┏━━

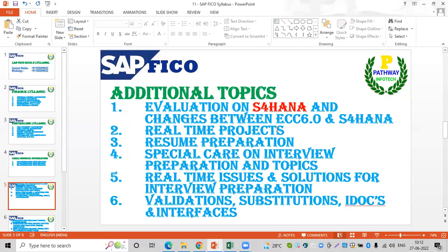We will discuss the role of the consultant, resume preparation, and the key points for shortlisting. We will discuss these details thoroughly, including special care topics for interview preparation.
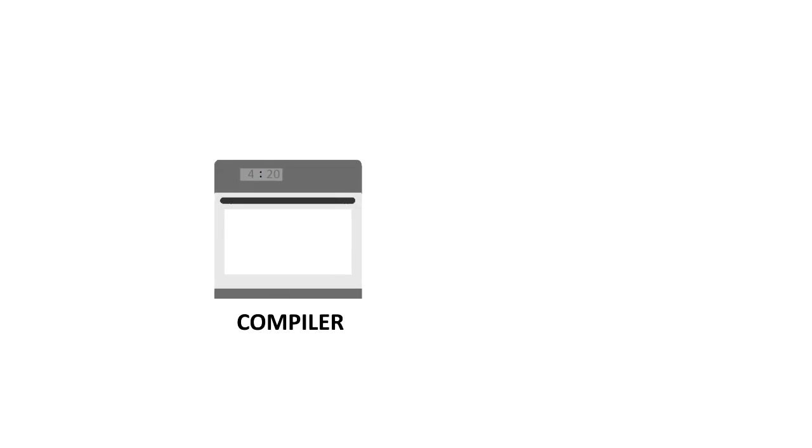First, let's talk about the compiler. The compiler is the oven for your kitchen. It cooks your code and allows you to actually use it, the same way you bake cookie dough into cookies.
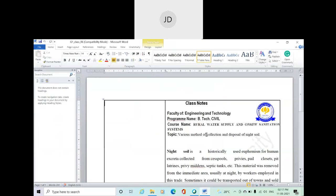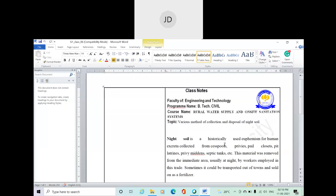So in this class we will discuss about night soil — basically the human excreta that may be generated in a household. In an individual household there will be a domestic sanitation system. So basically we are going to discuss about night soil and the management of night soil. Night soil is a historically used term for human excreta collected from cesspools or privies. It is called night soil because the collection of human excreta is usually done at night.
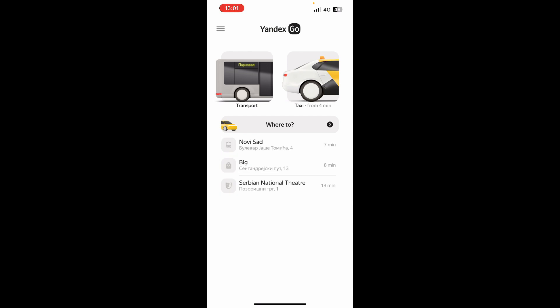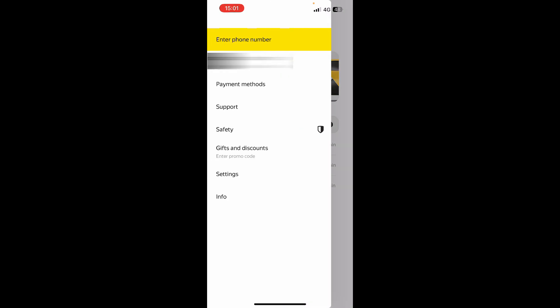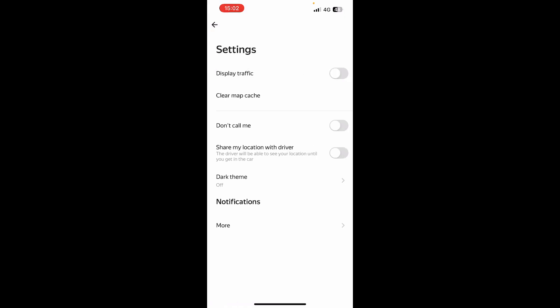When you click on the top left corner, we will get some information here. We can enter your phone number here. We see our current address. We can see some payment methods, where you can go and add your payment methods. We can see the support center if you have any questions.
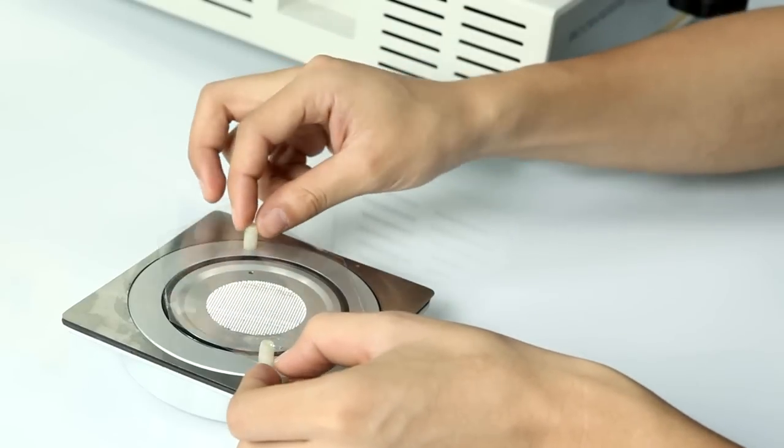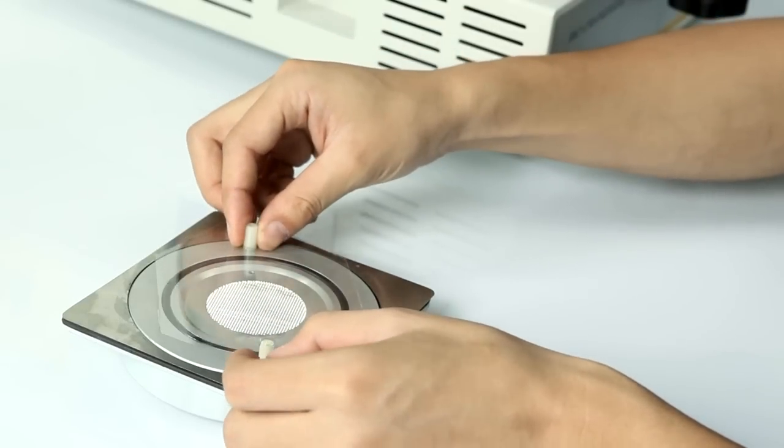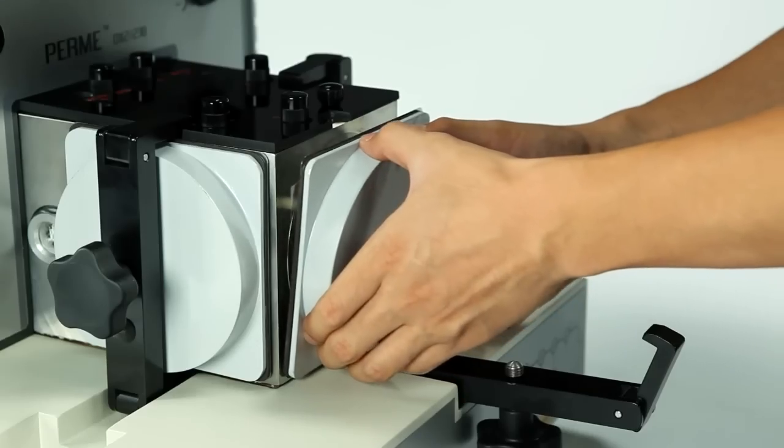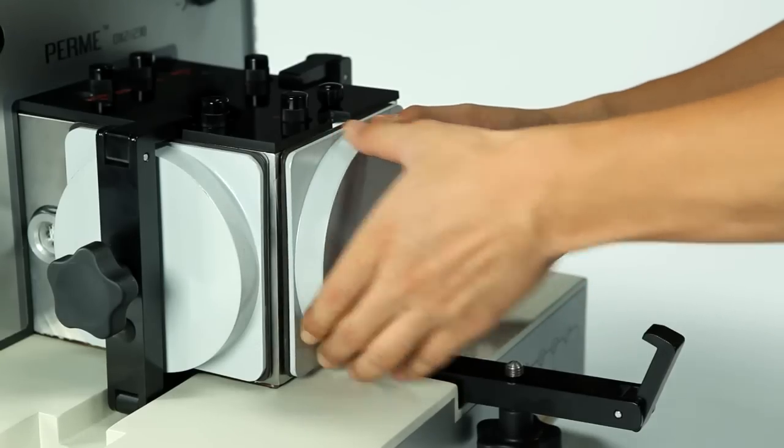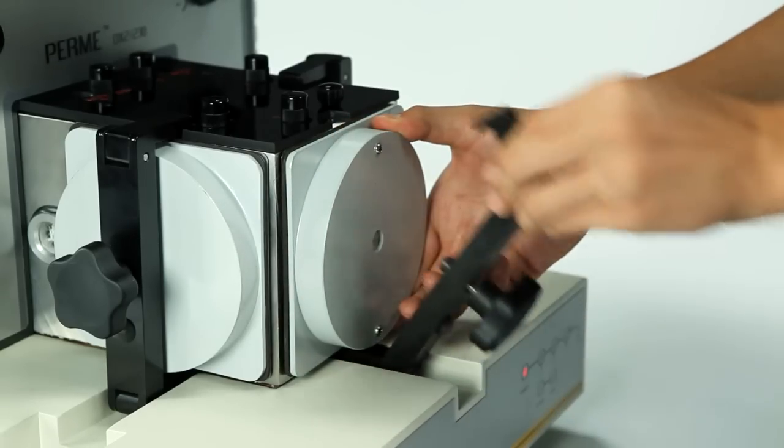The whole system can be easily and quickly calibrated by the standard films provided.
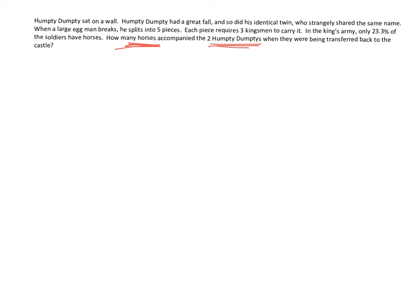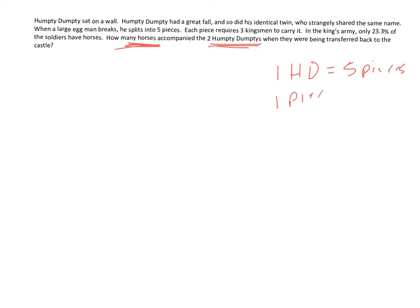So basically, we look, and it says when the Eggman breaks, he splits into five pieces. So every one Humpty Dumpty is five pieces. And it says that a piece requires three Kingsmen. So one piece of Humpty Dumpty requires three Kingsmen to carry. And then only 23.3% of the soldiers have horses.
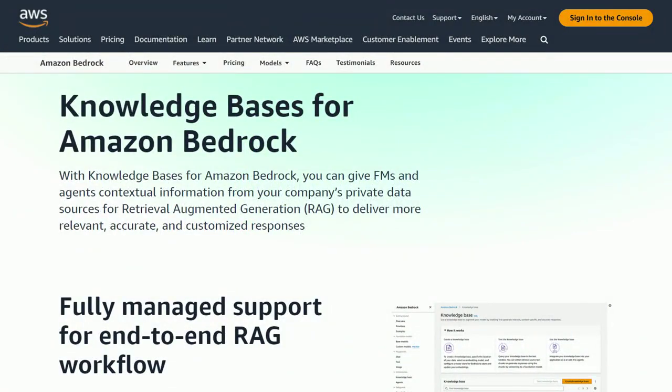AWS has a service for this called Knowledge Bases for Bedrock — a managed retrieval augmented generation service designed to provide more relevant, accurate, and customized responses to your large language model prompts. You can see how a service like this would be really useful for our bike retailer application.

┗━━

Word for word, repeat all the data, but not its images.

WORKED SOLUTION:
We will discuss the role of the consultant, resume preparation, and the key points for shortlisting. We will discuss these details thoroughly, including special care topics for interview preparation.
First, let's talk about the compiler. The compiler is the oven for your kitchen. It cooks your code and allows you to actually use it, the same way you bake cookie dough into cookies.
So in this class we will discuss about night soil — basically the human excreta that may be generated in a household. In an individual household there will be a domestic sanitation system. So basically we are going to discuss about night soil and the management of night soil. Night soil is a historically used term for human excreta collected from cesspools or privies. It is called night soil because the collection of human excreta is usually done at night.
When you click on the top left corner, we will get some information here. We can enter your phone number here. We see our current address. We can see some payment methods, where you can go and add your payment methods. We can see the support center if you have any questions.
The whole system can be easily and quickly calibrated by the standard films provided.
So basically, we look, and it says when the Eggman breaks, he splits into five pieces. So every one Humpty Dumpty is five pieces. And it says that a piece requires three Kingsmen. So one piece of Humpty Dumpty requires three Kingsmen to carry. And then only 23.3% of the soldiers have horses.
AWS has a service for this called Knowledge Bases for Bedrock — a managed retrieval augmented generation service designed to provide more relevant, accurate, and customized responses to your large language model prompts. You can see how a service like this would be really useful for our bike retailer application.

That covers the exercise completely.